Nesse contexto, Gorbachev assume. A sua escolha é um sinal de que a própria nomenklatura soviética reconhecia a necessidade de reformas no sistema. Ao contrário da gerontocracia que vinha dando as cartas desde Brejnev, Gorbachev era jovem (tinha 53 anos quando assumiu o poder) e ideias para reformar o sistema por dentro, sem mexer na estrutura do partido. Um pouco o que Deng Xiaoping vinha fazendo na China. Só que a coisa saiu do controle.

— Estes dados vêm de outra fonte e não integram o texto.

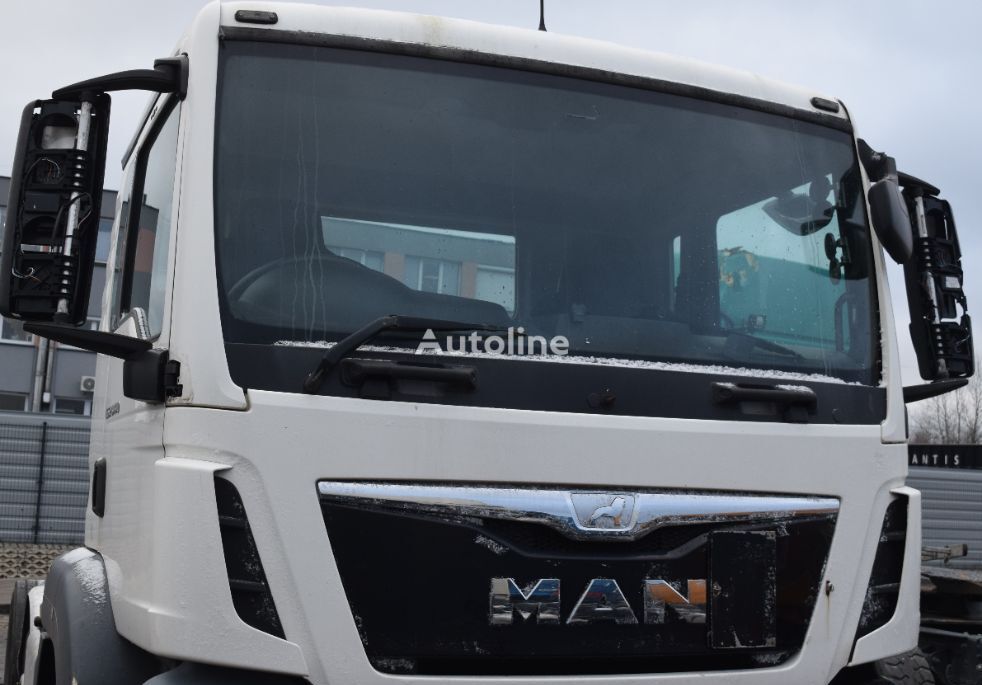 cabine MAN KOMPLETNA KABINA BUDOWLANA DZIENNA  TGS pour camion MAN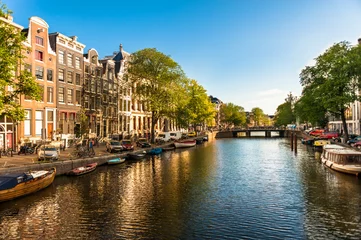 Foto op Plexiglas Amsterdam Huizen en boten aan de Amsterdamse gracht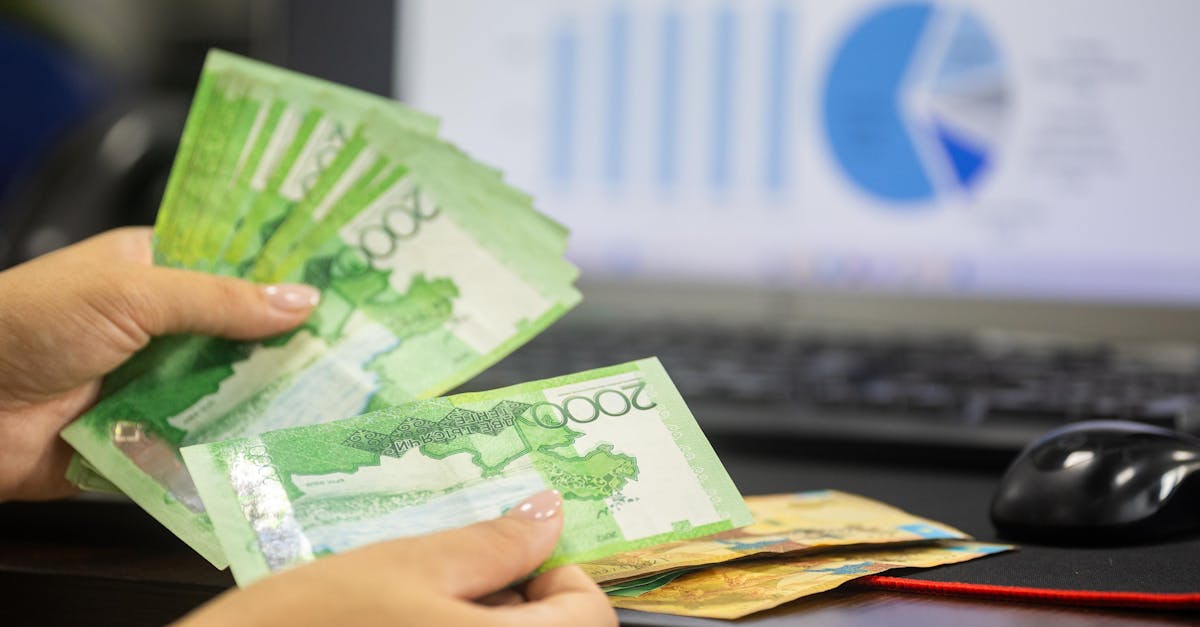 Tablet exibindo dados do mercado de ações e gráficos financeiros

Ao contrário do seu par chinês, Gorbachev tentou fazer duas aberturas simultâneas: a econômica (perestroika) e a política (glasnost). Além disso, ao contrário da China, a Rússia tinha uma esfera de influência extra território, que abrangia as antigas repúblicas soviéticas e os países da cortina de ferro, chegando até Berlim, no coração da Europa Ocidental. A Glasnost foi equivalente a um terremoto que abalou as estruturas que dominavam esses satélites, levando à dissolução do império soviético. Não por outro motivo, a Rússia de Putin não era nada simpática ao ex-secretário geral.
No campo da economia, a perestroika tinha a tarefa de tornar eficiente um sistema centralizado de decisões econômicas, dando mais espaço para a iniciativa privada. O que conseguiu foi substituir o socialismo por um “crony capitalism”, em que empresários amigos do poder central passaram a dominar grandes fatias da atividade econômica. De qualquer forma, aquilo era mais eficiente para gerar riquezas do que o socialismo real.
É difícil saber quanto Gorbachev é fruto do seu tempo (se não fosse ele, outro semelhante surgiria no seu lugar) ou um artificie da história (sem ele, nada do que aconteceu seria possível). Talvez seja uma mistura de ambos. O fato é que, sem a perestroika, a União Soviética seria hoje uma Venezuela com armas nucleares. Não se trata de uma visão muito agradável.